Paved with, er, palladium...

The streets of London are paved with gold

Well, if not actual gold, other stuff that’s more expensive, pound for pound. After sweeping the streets and extracting the more obvious recycling materials to the point where only dust is left, they go to work on that dust, recovering platinum, palladium, and rhodium, which have hi-tech uses, as well as a little gold.

The spokesman for the cleaning company was refreshingly straightforward in a scientific community that has increasingly obfuscated matters behind their over-complication: do you want to die out on a scorched planet (carbon fuel); do you want to die of radiation poisoning (nuclear power); or can you, perhaps, Mr and Mrs NIMBY bird-spotting retard, put up with those wind turbines that represent a threat only to the occasional passing seagull and your view of the hills? Them’re the options, whatever the professors of this and that, particularly those paid by the government or energy companies say.

Cleaning bloke said that either everything goes to landfill, as before, or it gets recycled, which is much better all round. In what sounds like a belated admission that the Dusseldorf model is the way to go, everything is collected, recycled, recycled for a lesser use, burnt for energy, that energy is used to fuel the processes attacking the leftover dust, as are some acids and other chemicals recovered from the dustcarts, to recover the remaining rare and expensive metals in that dust.

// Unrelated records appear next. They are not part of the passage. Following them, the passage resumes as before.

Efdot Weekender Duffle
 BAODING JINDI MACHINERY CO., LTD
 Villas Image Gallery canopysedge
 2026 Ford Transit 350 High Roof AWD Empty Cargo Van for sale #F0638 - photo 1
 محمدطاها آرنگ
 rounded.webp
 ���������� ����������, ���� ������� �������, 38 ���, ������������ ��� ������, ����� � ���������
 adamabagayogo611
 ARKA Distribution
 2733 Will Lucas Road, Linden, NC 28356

League tables for eleven year olds

I don’t see what the fuss is about. Nope, a 45 minute test isn’t exact, but few things are exact. If your guide to what’s worthwhile is what’s exact, then stop teaching the humanities and focus entirely on maths and the sciences, and certainly abandon religious education.

The do-gooders were in full glass half empty voice:

The bottom 10% will get an inferiority complex.

Do-gooders: some deserve an inferiority complex. It might inspire the best of that 10% to do something to move up the percentiles.

The bottom 10% will abandon academic studies.

Do-gooders: not all the top 10% will be academic by nature or inclination. Why does living in the physical world rule out being intelligent? Or is it because do-gooders tend to be physical dyslexics? Note their inability to tolerate one person running faster than another or being better equipped to earn a fortune at sport than a nine-stone weakling (ahh, bless).

The bottom 10%...etc., ad infinitum…


Do-gooders: don’t the top groups get a boost? Sit the exam. Take the results on the chin. Stop the whingeing. Same for everyone.